*Exercise prompt*:
Give again, exactly as written, the lines of the records below from the line with "Tabla De Cortar" to the line with "Gujarat Saputara Living area". Both end lines count; pictures do not.

*Data records*:

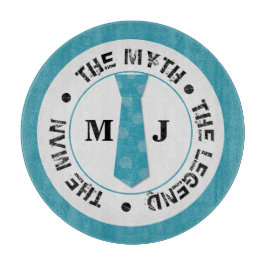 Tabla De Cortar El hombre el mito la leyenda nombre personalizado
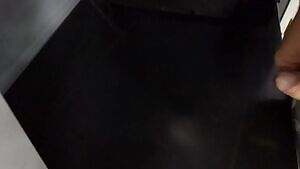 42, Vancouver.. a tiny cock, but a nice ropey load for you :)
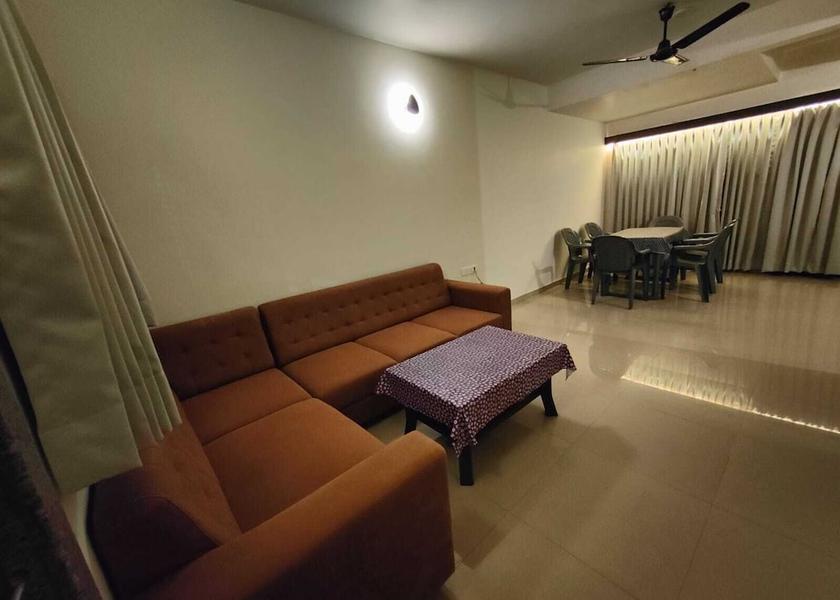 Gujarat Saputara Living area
--
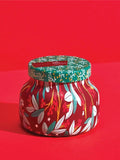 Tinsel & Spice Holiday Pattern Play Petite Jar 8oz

*Written solution*:
 Tabla De Cortar El hombre el mito la leyenda nombre personalizado
 42, Vancouver.. a tiny cock, but a nice ropey load for you :)
 Gujarat Saputara Living area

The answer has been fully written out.